At 6:30, Dr Shristi, our excellent anesthetist, showed up and immediately told us our momos were way too big. She proceeded to show us how it's done, and after that things went much more smoothly.


Then Prasan, one of the residents, came, and he apparently had made momos every weekend during his medical training, so he was an expert. The batch that he's holding were our pathetic attempts, and they were huge!


Later, Anu, one of the interns, also came, and she was a momo-making machine! She rolled that dough into perfect little circles so fast we couldn't keep up, and then shaped them into these lovely looking things. 


The kids also had fun making momos, and they went beyond the usual momo shape, making "ninja momos," and other creative ones, including an octopus.



So we made and ate momos, and enjoyed ourselves immensely.
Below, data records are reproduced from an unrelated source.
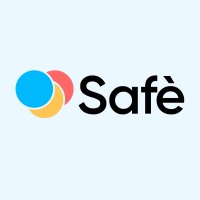 Safè logo - Similar company to La Meer Inc.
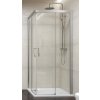 Aquatek Dynamic A4, štvorcový sprchový kút, šírka 80 100cm, posuvné dvere 01 titulny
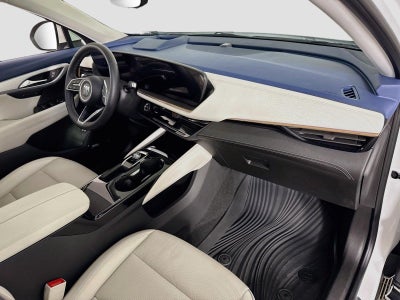2024 Buick Envision Avenir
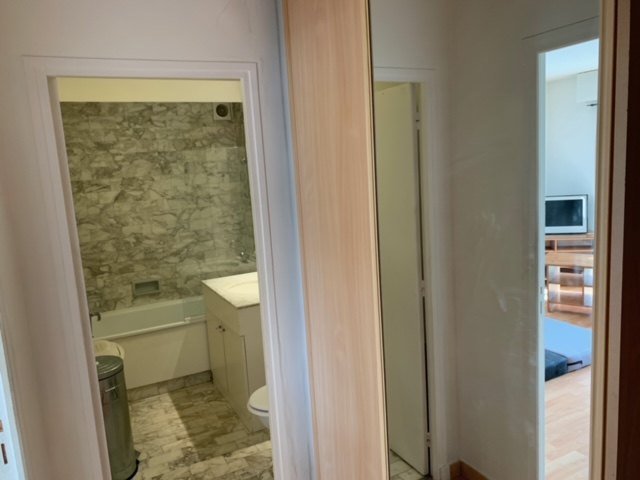Location appartement meubléParis 75015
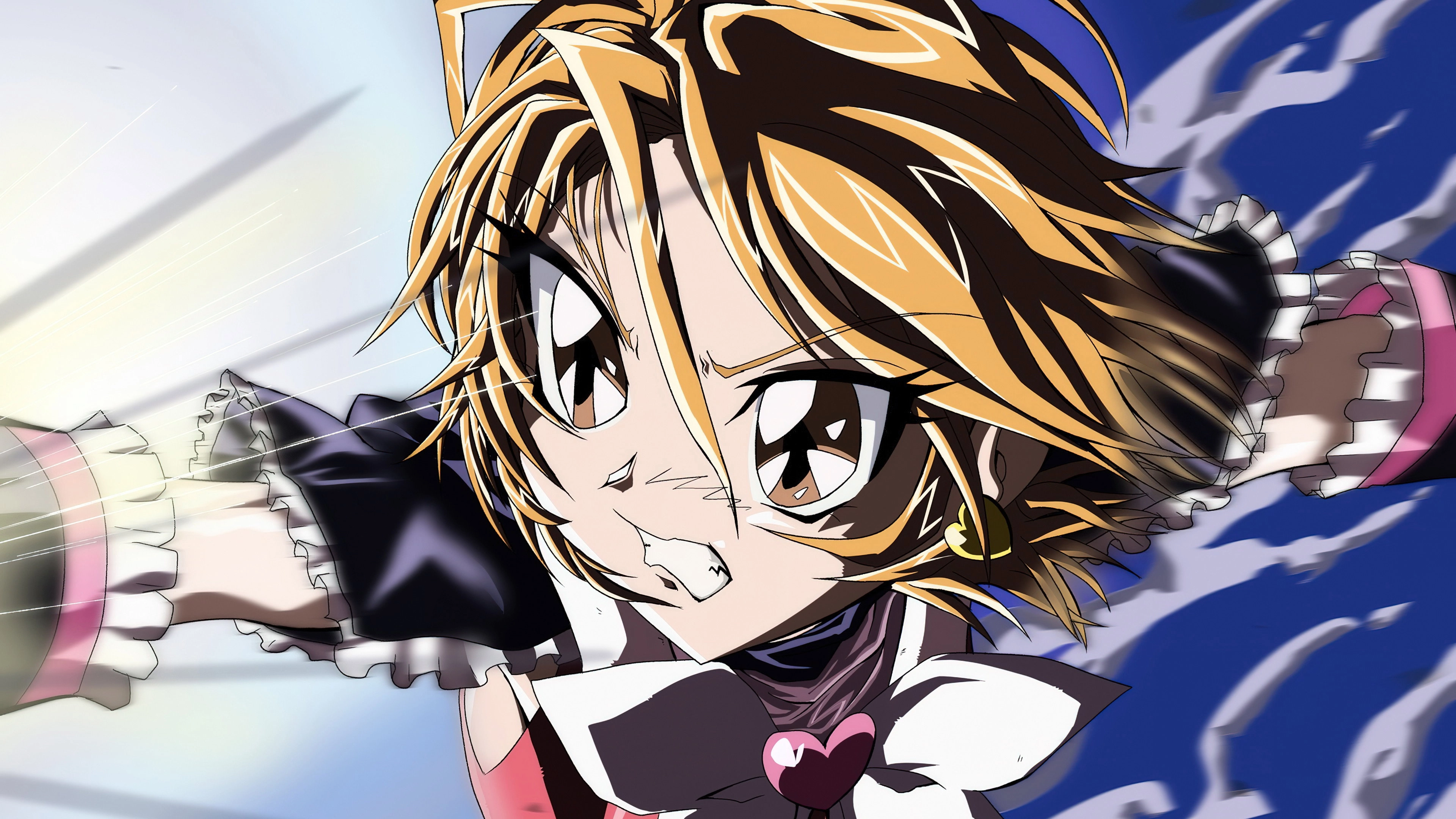 Pretty Cure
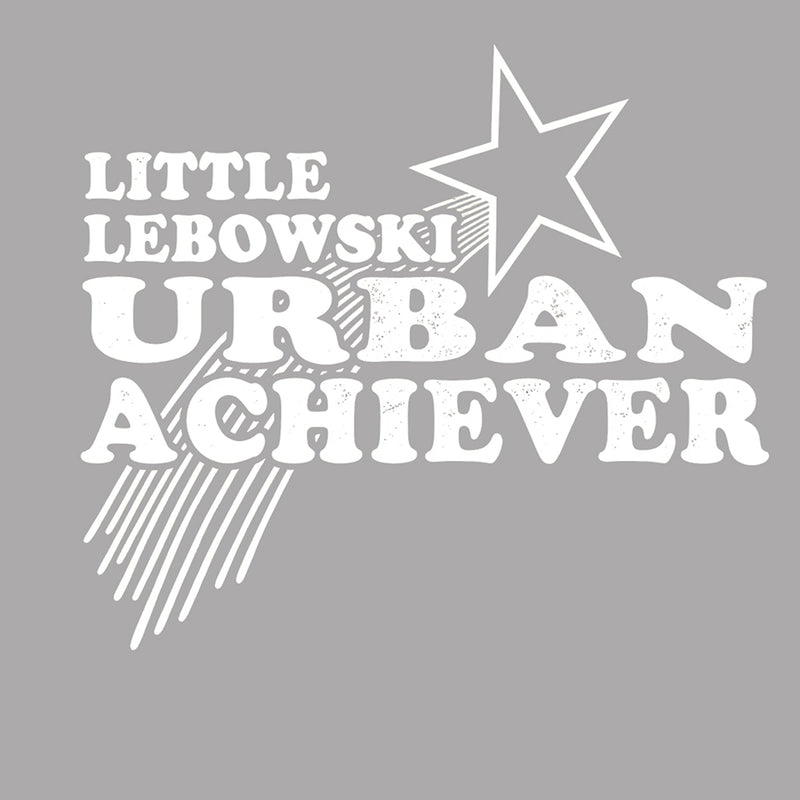 Little Lebowski Urban Achievers T-Shirt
And afterwards we had a musical jam session, where Samir, another resident, had brought his guitar and I'd brought mine, and we played and sang a bunch of Nepali (and some English) songs together. Great fun!

Wednesday, August 8, 2012

Best Hospital

I forgot to write about this a couple weeks ago when it happened, but Tansen was recently awarded the "Best Hospital" award for 2012 by a Kathmandu-based health magazine. Dr Rachel, our medical director, went to Kathmandu to receive the award, and a whole lot of people gathered in the Tansen Guesthouse to watch the broadcast on TV.  Unfortunately I was on call, so I missed it, but by all reports it was a great event, and a real boost to hospital staff morale, both bideshi and Nepali.
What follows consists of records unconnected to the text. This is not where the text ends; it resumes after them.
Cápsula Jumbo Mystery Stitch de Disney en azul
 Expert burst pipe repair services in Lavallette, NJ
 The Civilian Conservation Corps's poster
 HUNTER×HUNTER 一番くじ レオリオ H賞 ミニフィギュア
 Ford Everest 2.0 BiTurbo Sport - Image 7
Here's the article from our hospital website that talks about it:


A few weeks ago a journalist called the hospital and said he would like to interview the director about an award.  It was a complete surprise when he told us that this hospital had been awarded the Best Hospital Award from ‘Swasthiya Kabar Patrika”, a monthly health magazine.  This is a national award and the selection committee had evaluated various nominated hospitals before deciding that ours was best.
The annual Health Awards ceremony was held at the Everest Hotel in Kathmandu on the evening of Sunday 22nd July and was broadcast live on Nepal TV. It was almost like a mini Oscar awards ceremony! Eight different people received an award to recognize their contribution to specific areas of health in Nepal.
"And the award for the Best Hospital goes to... United Mission Hospital Tansen."
It was a proud moment for Rachel Karrach, as the Tansen Hospital Director, to go up on the stage and receive the award from the Minister of Health on behalf of all the staff at the hospital who work so hard.  There was an opportunity for Rachel to say a few words about what makes this hospital different. In her acceptance speech she was able to tell people that our motto is “We serve, Jesus heals”.  We want the glory to go to Him for our success, and also give thanks to all the hospital staff, whose faithful service has enabled this hospital to be the best hospital in Nepal.
Many hospital staff and local Tansen people were watching the program on TV and everyone was very excited that our work had been recognized and that this has put our town on the map.  It was so encouraging and affirming for the hospital's (and UMN's) almost 60 years of service in Tansen to be recognized and applauded.
For photos of the ceremony, please use this address:  http://www.umn.org.np/new/view_album.php?album_id=30


On another note, here are some photos I took in the OR the other day, just to give you all a flavour.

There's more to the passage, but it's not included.